I have the following df
:
import pandas as pd
import numpy as np
arrays = [
np.array(["fruit", "fruit", "fruit","vegetable", "vegetable", "vegetable"]),
np.array(["one", "two", "total", "one", "two", "total"]),
]
df = pd.DataFrame(np.random.randn(6, 4), index=arrays)
df.index.set_names(['item','count'],inplace=True)
def style_total(s):
m = s.index.get_level_values('count') == 'total'
return np.where(m, 'font-weight: bold; background-color: #D2D2D2', None)
def style_total_index(s):
return np.where(s == 'total', 'font-weight: bold; background-color: #D2D2D2','')
(df
.style
.apply_index(style_total_index)
.apply(style_total)
)
I would like to apply alternating background colors to each row (as well as the MultiIndex) while still keeping the separately colored and formatted total
row. Here is a visual example of what I am trying to accomplish:
As you can see, all rows as well as the MultiIndex are alternating colors with the total
keeping its own custom formatting.
I have tried a whole bunch of things. I came across this question and this question that both use set_table_styles()
, however, this issue on the pandas Github says that "Styler.set_table_styles is not exported to excel. This will not be change...". So, set_table_styles()
is not an option here. How can I go about achieving the desired output?
Here's one approach:
np.resize
itertools.cycle
option.def style_total_index(s, colors, color_map, total):
# `s` is series with index level values as *values*, name 0 for level 0, etc.
level = s.name
if level == 0:
# level 0 is quite easy:
# check if `s` equals its shift + `cumsum` result.
# `result % 2 == 1` gets us `True` for 1st ('fruit'), 3rd, etc. value,
# and `False` for 2nd ('vegetable'), 4th, etc.
# these boolean values we map onto the colors with `color_map`.
style = (s.ne(s.shift()).cumsum() % 2 == 1).map(color_map)
else:
# level 1:
# check `s` == 'total' + shift (with `False` for 1st NaN) + `cumsum`.
# `groupby` and `transform` to resize `colors` to match size of group.
# mask to add `total` style
style = s.eq('total').shift(fill_value=False).cumsum()
style = style.groupby(style).transform(lambda x:
np.resize(colors, len(x))
)
style = style.mask(s == 'total', total)
return style
def style_total(s, colors, total):
# `s` is series (a column) with index like `df`
# so, similar to `level=1` above, but access `s.index.get_level_values(1)`
# and convert that to a series before checking equal to 'total'.
# rest the same.
style = (s.index.get_level_values(1).to_series().eq('total')
.shift(fill_value=False).cumsum()
)
style = style.groupby(style).transform(lambda x: np.resize(colors, len(x)))
style = style.mask(s.index.get_level_values(1) == 'total', total)
return style.values
# using `np.random.seed(0)` for reproducibility
colors = ['background-color: #CFE2F3', 'background-color: #FFF2CC']
total = 'font-weight: bold; background-color: #D2D2D2'
color_map = {k: color for k, color in zip([True, False], colors)}
df_styled = (df
.style
.apply_index(style_total_index, colors=colors, color_map=color_map,
total=total)
.apply(style_total, colors=colors, total=total)
)
df_styled
Output:
Export to Excel (for the header setting, cf. here):
# removing default formatting for header
from pandas.io.formats import excel
excel.ExcelFormatter.header_style = None
df_styled.to_excel('df_styled.xlsx')
Output Excel:
The above method is set up to handle the situation in which unique level-0 values might have an uneven number of associated rows.

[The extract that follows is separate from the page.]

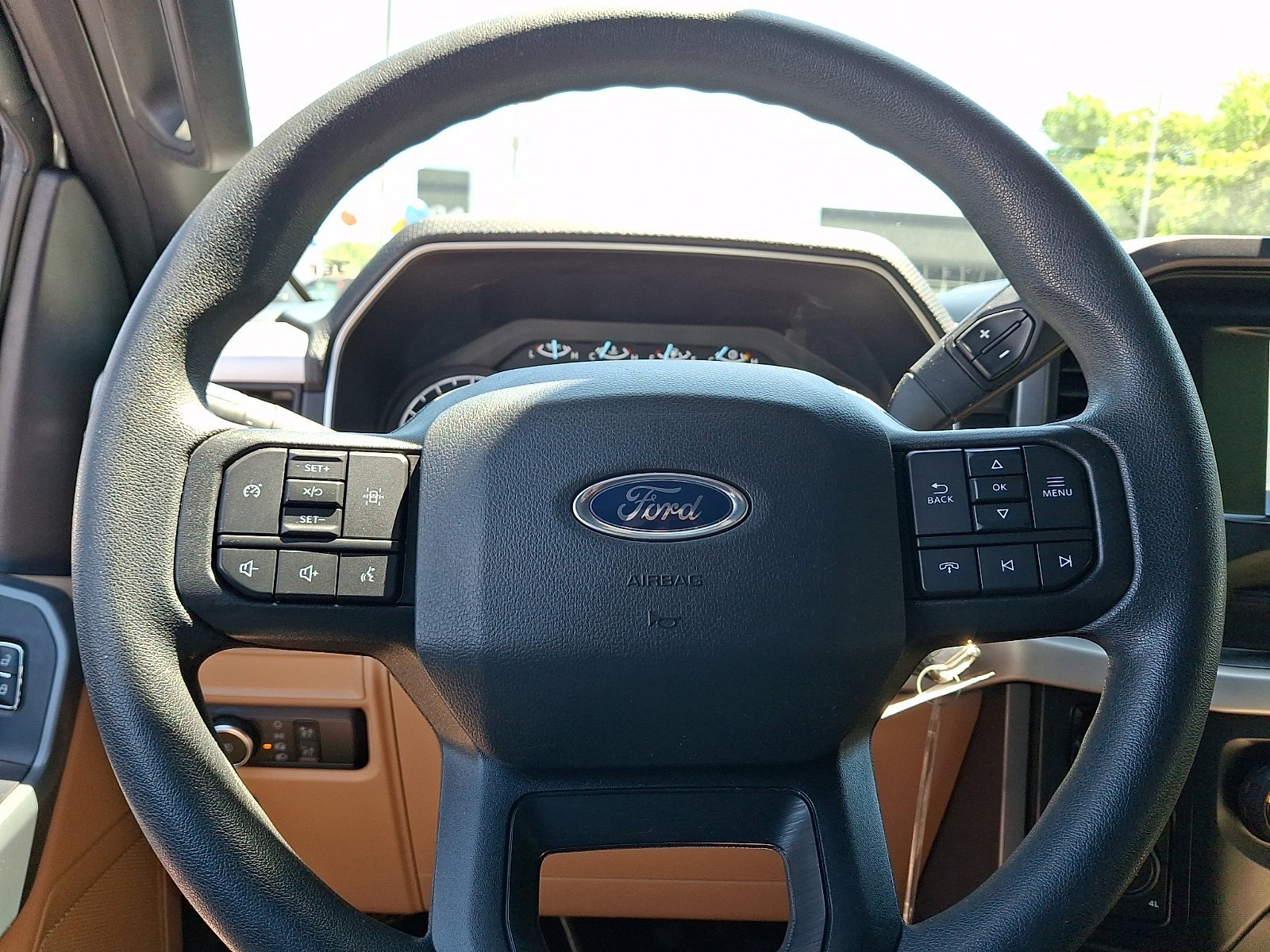 Used 2023 Iconic Silver Metallic Ford XLT image 16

That is to say, I have assumed that each level-0 needs to start with #CFE2F3
(light blue), regardless of whether the previous group of rows ended with that color. E.g., suppose we add an extra row only for 'fruit', the above gets us:
If you just want to 'cycle' through regardless of the transition to a new group, here's an approach that uses cycle
from itertools
:
from itertools import cycle
def style_total_index(s, colors, color_map, total):
level = s.name
if level == 0:
style = (s.ne(s.shift()).cumsum() % 2 == 1).map(color_map)
else:
colors_cycle = cycle(colors)
style = [next(colors_cycle) if i != 'total' else total
for i in df.index.get_level_values(level)]
return style
def style_total(s, colors, total):
level = 'count'
colors_cycle = cycle(colors)
style = [next(colors_cycle) if i != 'total' else total
for i in df.index.get_level_values(level)]
return style
colors = ['background-color: #CFE2F3', 'background-color: #FFF2CC']
total = 'font-weight: bold; background-color: #D2D2D2'
color_map = {k: color for k, color in zip([True, False], colors)}
df_styled = (df
.style
.apply_index(style_total_index, colors=colors, color_map=color_map,
total=total)
.apply(style_total, colors=colors, total=total)
)
df_styled
Output:
Of course, both of these methods are adjustable to reach whatever alternation with a bit of tweaking.